Octave: “Vuoi sapere una cosa? Vorrei sparire in un pozzo senza fondo!”
Robert: “E a che cosa ti servirebbe?”
Octave: “A non vedere più nulla, a non cercare più ciò che è bene e ciò che è male. Perché a questo mondo c’è una cosa terribile, che ognuno ha le proprie ragioni”.

Il passaggio dei treni che solcano molti momenti del film, con il “va e vieni” degli stati d’animo di Maria, danno la misura di una andata e ritorno alle radici del generarsi delle immagini in empatia con il processo di riconoscimento di una donna, con il suo impulso a guarirsi attraverso una pacificazione che ha le sue ragioni anzitutto nell’umano. Ed è il suo volto riflesso nel finestrino del treno che la riporta a casa, un volto la cui bellezza e la cui sofferenza trovano finalmente assolvimento nel rivolgersi, al di là del tempo e dello spazio, a suo padre che ora ha trovato posto in lei quasi insieme coincidendo con, e suturando il, buco nero che dalla sua testa è come disceso nel cuore, chiarificandosi.

“Ciao Papà sto venendo, l’aggio guardato int’all’uocchie, ma proprio quando…. però è bello a fa pace, è bello”, sono le parole del cuore che, come echeggianti dal ritmo dei binari e dal flusso della musica di Philip Glass, ascoltiamo, mentre l’evanescenza delle immagini e dei paesaggi trascorre sul suo volto riflesso dal finestrino, assimilato allo schermo. Quest’immagine finale ci fa comprendere che quando un film è capace di rispecchiarci, allora guardiamo negli occhi noi stessi.

Riferimenti bibliografici
L.S. Leonard, La donna ferita. Modelli nel rapporto padre-figlia, Astrolabio-Ubaldini, Roma 1985.
P.P. Pasolini, Empirismo eretico, Garzanti, Milano 1972.
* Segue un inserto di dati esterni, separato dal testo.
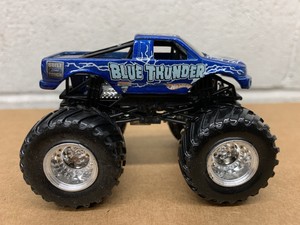 hot wheels monster jam blue thunder
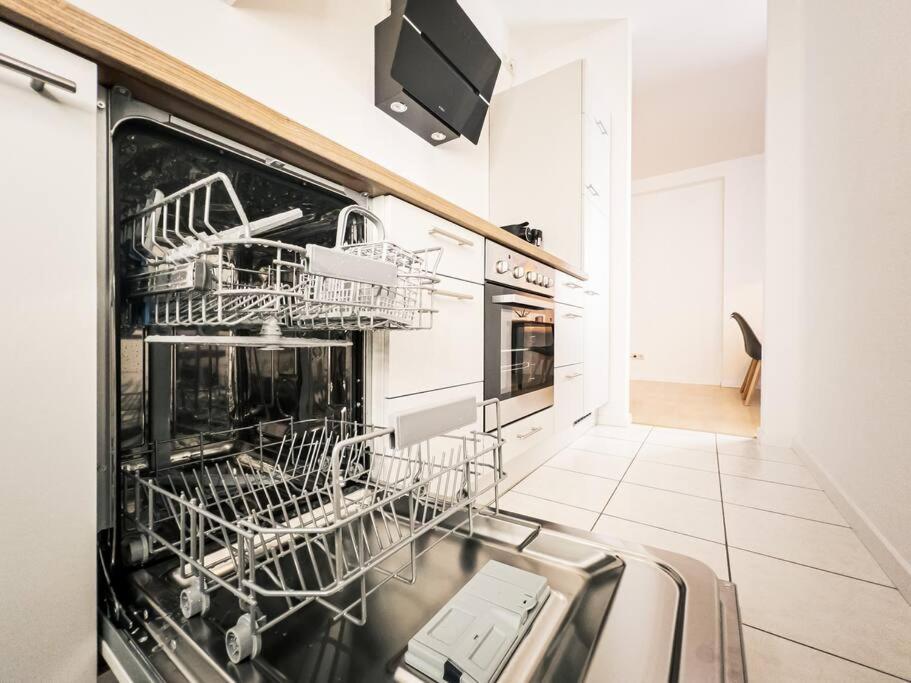 Purer Luxus Mit 2 Schlafzimmern, Balkon Und Privat-parkplatz * Leipzig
Il buco in testa. Regia: Antonio Capuano; sceneggiatura: Antonio Capuano; fotografia: Gianluca Laudadio; montaggio: Diego Liguori; interpreti: Teresa Saponangelo, Tommaso Ragno, Francesco Di Leva, Gea Martire, Vincenza Modica, Anita Zagaria, Daria D’Antonio (II), Bruna Rossi, Alberto Ricci Höiss, Vincenzo Ruggiero, Pietro Juliano; produzione: Eskimo, in collaborazione con Rai Cinema, Minerva Pictures Group, Mad Entertainment; origine: Italia; anno: 2020; durata: 95′.